Or rather: Those who can create devils and verify that those devils will take particular actually-beneficial actions as part of a complex diabolical compact, can more easily create angels that will take those actually-beneficial actions unconditionally.
I don’t understand the distinction between devils and angels here. Isn’t an angel just a devil that we’ve somehow game-theoried into helping us?
What does “want” mean here? Why is game theory some how extra special bad or good? From a behaviorist point of view, how do I tell apart an angel from a devil that has been game-theoried into being an angel? Do AGI’s have separate modules labeled “utility module” and “game theory” modules and making changes to the utility module is somehow good, but making changes to the game theory module is bad?

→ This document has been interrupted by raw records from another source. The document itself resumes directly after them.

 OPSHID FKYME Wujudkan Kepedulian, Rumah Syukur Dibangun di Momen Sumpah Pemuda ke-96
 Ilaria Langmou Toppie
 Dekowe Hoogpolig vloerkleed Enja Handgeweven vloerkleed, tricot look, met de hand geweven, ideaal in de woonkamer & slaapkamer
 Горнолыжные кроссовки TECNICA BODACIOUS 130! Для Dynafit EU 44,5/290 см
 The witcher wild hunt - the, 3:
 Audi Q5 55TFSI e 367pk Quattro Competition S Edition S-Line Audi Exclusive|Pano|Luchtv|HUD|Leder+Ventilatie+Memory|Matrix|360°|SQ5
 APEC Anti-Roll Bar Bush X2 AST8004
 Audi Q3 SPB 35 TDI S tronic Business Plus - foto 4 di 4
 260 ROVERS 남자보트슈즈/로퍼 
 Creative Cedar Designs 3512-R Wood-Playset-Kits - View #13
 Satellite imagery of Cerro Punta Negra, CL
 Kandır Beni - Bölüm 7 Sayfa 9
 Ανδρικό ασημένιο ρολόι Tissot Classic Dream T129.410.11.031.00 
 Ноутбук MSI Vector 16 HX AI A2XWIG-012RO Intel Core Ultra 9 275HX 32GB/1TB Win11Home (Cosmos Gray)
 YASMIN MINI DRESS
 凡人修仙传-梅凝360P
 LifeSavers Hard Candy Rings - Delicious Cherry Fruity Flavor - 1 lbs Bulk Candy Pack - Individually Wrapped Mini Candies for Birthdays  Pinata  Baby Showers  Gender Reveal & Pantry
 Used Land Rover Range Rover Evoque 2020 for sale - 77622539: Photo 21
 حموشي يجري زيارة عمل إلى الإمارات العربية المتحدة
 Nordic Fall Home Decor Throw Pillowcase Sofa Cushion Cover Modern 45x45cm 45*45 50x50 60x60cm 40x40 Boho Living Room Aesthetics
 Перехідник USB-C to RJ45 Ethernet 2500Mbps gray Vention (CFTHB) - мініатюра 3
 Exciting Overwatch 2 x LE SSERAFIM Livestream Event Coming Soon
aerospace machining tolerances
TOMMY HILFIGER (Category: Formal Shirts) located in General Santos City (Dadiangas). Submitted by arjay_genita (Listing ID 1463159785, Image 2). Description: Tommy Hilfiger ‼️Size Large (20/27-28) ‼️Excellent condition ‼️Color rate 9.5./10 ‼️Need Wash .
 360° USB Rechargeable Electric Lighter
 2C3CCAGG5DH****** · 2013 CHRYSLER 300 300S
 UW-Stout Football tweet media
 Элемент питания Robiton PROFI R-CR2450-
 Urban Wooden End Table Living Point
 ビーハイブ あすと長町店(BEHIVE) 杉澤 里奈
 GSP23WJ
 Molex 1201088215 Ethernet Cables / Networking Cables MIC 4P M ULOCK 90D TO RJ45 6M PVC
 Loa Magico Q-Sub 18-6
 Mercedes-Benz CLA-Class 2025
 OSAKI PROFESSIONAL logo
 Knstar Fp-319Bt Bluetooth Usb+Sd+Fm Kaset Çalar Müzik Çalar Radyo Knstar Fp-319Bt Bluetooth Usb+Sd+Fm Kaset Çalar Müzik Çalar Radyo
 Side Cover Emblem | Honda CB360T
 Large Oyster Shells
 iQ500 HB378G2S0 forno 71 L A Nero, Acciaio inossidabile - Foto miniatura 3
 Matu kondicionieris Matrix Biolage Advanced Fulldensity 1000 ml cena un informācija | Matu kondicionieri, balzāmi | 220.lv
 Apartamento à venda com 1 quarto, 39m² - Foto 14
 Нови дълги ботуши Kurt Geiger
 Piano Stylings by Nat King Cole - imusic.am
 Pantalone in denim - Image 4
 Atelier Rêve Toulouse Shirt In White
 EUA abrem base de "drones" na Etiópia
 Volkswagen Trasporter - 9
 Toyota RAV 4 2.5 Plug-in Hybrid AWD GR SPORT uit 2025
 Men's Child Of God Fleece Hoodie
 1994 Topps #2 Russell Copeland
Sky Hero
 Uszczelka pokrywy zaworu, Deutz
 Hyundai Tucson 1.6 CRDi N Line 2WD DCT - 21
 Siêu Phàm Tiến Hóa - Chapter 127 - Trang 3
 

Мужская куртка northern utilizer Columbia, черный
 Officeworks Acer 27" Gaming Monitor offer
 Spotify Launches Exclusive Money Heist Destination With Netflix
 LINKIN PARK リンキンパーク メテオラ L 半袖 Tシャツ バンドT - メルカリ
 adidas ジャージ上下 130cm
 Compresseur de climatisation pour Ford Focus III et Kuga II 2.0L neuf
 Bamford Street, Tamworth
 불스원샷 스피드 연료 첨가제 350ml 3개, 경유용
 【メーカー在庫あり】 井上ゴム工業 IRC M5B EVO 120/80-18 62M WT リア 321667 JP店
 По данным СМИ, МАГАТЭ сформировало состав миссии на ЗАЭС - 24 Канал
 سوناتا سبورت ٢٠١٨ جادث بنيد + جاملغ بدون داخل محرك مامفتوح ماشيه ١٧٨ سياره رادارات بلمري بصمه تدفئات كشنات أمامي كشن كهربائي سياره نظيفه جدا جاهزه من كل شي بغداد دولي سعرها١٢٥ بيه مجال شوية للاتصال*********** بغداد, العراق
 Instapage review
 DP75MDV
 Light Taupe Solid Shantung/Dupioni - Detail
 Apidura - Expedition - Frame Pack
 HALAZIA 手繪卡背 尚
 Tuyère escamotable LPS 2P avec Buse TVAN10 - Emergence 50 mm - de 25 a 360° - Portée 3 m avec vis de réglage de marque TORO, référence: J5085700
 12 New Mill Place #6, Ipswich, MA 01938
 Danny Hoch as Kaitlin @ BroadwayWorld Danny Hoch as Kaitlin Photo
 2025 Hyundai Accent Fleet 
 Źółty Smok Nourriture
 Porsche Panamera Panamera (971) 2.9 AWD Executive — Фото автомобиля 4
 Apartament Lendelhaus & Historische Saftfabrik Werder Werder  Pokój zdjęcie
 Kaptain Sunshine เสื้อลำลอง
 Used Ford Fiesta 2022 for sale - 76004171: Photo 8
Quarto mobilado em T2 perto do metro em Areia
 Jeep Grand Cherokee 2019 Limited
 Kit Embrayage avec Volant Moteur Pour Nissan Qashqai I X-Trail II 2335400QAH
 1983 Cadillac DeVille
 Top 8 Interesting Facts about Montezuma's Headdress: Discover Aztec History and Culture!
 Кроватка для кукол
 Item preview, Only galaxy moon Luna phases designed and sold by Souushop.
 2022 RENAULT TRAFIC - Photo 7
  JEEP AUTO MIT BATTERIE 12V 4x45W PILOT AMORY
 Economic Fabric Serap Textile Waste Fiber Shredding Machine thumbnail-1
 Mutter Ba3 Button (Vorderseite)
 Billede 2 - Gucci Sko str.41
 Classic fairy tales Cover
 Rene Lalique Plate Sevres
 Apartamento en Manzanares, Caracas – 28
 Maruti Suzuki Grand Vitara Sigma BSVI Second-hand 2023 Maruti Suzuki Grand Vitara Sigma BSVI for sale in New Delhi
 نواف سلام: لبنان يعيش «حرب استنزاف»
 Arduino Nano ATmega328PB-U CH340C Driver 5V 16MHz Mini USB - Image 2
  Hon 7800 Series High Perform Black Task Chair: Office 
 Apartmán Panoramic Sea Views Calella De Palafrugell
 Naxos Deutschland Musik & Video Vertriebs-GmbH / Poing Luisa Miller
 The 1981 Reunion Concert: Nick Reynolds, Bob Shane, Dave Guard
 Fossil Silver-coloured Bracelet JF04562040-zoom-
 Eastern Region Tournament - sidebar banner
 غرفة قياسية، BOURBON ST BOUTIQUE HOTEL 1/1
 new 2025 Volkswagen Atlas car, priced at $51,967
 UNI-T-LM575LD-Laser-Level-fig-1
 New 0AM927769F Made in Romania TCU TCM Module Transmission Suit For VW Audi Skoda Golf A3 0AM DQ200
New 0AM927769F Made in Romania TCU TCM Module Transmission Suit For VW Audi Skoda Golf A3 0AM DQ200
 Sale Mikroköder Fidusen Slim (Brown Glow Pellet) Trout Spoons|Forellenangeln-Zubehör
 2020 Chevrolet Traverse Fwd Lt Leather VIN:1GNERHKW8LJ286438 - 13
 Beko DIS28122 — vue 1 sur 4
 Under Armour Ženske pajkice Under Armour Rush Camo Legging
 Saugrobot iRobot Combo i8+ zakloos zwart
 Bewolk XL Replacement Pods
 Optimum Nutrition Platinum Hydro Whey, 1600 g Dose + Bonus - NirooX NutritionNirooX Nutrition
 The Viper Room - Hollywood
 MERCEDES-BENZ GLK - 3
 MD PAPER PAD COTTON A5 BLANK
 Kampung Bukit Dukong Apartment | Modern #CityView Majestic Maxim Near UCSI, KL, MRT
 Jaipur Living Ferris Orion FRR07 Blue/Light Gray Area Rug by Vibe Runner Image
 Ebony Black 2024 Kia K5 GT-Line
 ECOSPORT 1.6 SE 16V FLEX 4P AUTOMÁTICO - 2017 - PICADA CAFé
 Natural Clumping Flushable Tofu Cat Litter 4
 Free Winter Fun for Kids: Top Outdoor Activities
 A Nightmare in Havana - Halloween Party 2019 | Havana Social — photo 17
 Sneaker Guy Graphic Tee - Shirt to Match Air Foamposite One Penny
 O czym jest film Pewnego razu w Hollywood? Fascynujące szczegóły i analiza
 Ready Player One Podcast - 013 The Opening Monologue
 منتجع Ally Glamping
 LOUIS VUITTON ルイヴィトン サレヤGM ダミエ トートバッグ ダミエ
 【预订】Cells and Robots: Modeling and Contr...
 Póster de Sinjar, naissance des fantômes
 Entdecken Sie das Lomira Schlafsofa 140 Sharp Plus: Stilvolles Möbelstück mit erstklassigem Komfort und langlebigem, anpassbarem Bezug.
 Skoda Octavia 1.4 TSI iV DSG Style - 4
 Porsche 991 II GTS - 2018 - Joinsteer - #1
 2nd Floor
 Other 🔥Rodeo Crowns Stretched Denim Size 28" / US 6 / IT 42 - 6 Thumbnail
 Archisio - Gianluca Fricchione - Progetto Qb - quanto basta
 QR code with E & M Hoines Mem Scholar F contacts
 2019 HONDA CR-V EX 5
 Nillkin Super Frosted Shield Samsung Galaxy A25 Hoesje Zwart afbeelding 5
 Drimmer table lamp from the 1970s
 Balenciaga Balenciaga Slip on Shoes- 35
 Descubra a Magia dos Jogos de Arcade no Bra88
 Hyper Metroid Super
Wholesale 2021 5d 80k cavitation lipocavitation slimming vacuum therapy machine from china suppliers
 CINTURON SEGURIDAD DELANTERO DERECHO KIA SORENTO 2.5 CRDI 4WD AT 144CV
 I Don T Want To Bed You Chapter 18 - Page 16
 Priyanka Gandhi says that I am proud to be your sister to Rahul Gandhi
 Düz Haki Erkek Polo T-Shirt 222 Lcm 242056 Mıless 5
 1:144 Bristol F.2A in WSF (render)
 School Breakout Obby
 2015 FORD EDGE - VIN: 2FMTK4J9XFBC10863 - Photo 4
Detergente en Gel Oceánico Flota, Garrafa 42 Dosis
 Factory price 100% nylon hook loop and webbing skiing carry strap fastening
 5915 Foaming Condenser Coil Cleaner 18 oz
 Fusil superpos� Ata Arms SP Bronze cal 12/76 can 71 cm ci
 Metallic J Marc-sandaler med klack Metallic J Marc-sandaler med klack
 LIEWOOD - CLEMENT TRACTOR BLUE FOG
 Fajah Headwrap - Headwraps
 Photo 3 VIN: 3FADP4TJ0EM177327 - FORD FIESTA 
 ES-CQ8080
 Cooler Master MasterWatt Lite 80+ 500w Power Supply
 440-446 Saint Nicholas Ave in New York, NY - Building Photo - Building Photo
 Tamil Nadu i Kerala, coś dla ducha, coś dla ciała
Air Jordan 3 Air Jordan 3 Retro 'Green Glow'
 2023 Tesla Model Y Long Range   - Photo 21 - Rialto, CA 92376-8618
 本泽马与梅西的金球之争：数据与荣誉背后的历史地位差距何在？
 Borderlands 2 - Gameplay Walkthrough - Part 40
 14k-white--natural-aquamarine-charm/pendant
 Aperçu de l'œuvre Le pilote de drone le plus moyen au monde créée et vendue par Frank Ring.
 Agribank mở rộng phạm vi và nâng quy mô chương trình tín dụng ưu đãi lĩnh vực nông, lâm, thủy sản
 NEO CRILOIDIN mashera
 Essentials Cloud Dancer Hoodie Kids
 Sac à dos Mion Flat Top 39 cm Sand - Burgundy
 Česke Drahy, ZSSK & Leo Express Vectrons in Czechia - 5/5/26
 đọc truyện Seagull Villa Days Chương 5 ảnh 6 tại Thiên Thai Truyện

Do angels have a utility function that just says “do the good’, or does it just contain a bunch of traits that we think are likely to result in good outcomes?
I don’t understand the distinction between devils and angels here. Isn’t an angel just a devil that we’ve somehow game-theoried into helping us?
An angel is an AGI programmed to help us and do exactly what we want directly, without relying on game theory.
A devil wants to make paperclips but we force it to make flourishing human lives or whatever. An angel just wants flourishing human lives.
What does “want” mean here? Why is game theory some how extra special bad or good? From a behaviorist point of view, how do I tell apart an angel from a devil that has been game-theoried into being an angel? Do AGI’s have separate modules labeled “utility module” and “game theory” modules and making changes to the utility module is somehow good, but making changes to the game theory module is bad? Do angels have a utility function that just says “do the good’, or does it just contain a bunch of traits that we think are likely to result in good outcomes?